**PROBLEM DESCRIPTION**
Take the lines of the data below from the very first through the line containing "Dans le quartier" and output them exactly, pictures excluded.

**SUPPLIED INFORMATION**

--------

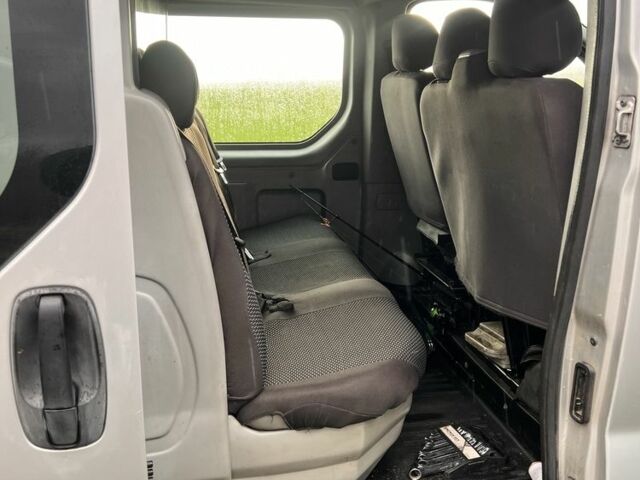 Серый Опель Виваро, объемом двигателя 2.5 л и пробегом 360 тыс. км за 4900 $, фото 3 на Automoto.ua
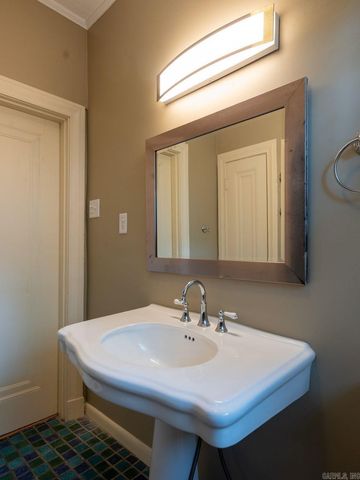 512 N Cedar Street, Little Rock, AR 72205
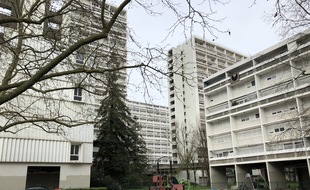 Dans le quartier des Auibiers, marqué par la mort d'un jeune au début de l'année, la puissance publique veut montrer qu'elle est de retour.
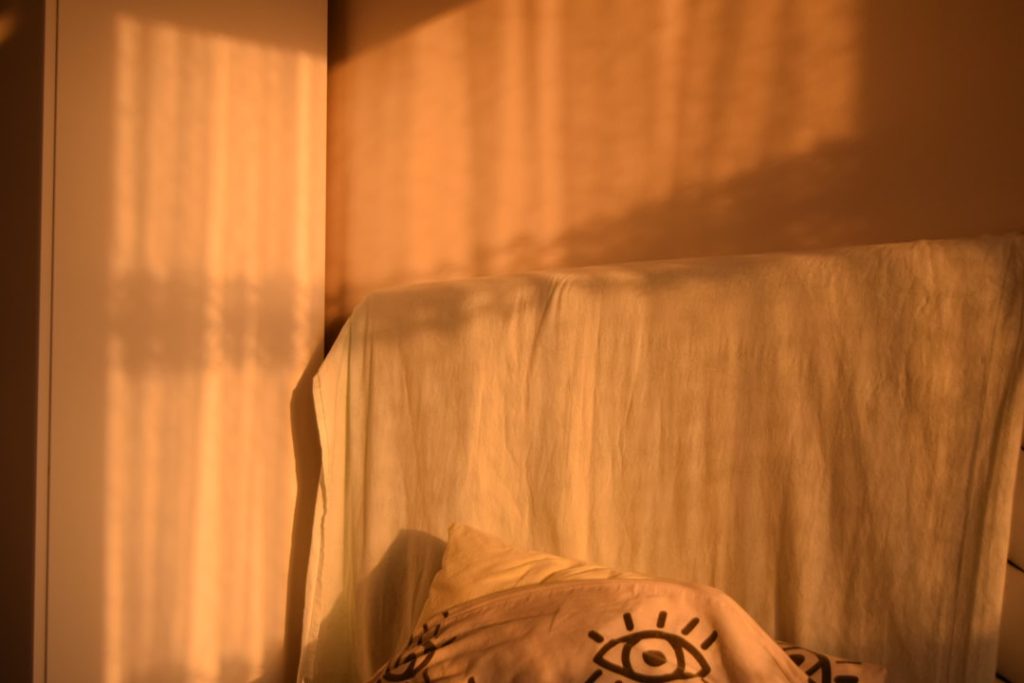 Creatieve ideeën voor een alternatief nachtkastje in jouw huis-tuin sfeer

--------

**RESULT**
 Серый Опель Виваро, объемом двигателя 2.5 л и пробегом 360 тыс. км за 4900 $, фото 3 на Automoto.ua
 512 N Cedar Street, Little Rock, AR 72205
 Dans le quartier des Auibiers, marqué par la mort d'un jeune au début de l'année, la puissance publique veut montrer qu'elle est de retour.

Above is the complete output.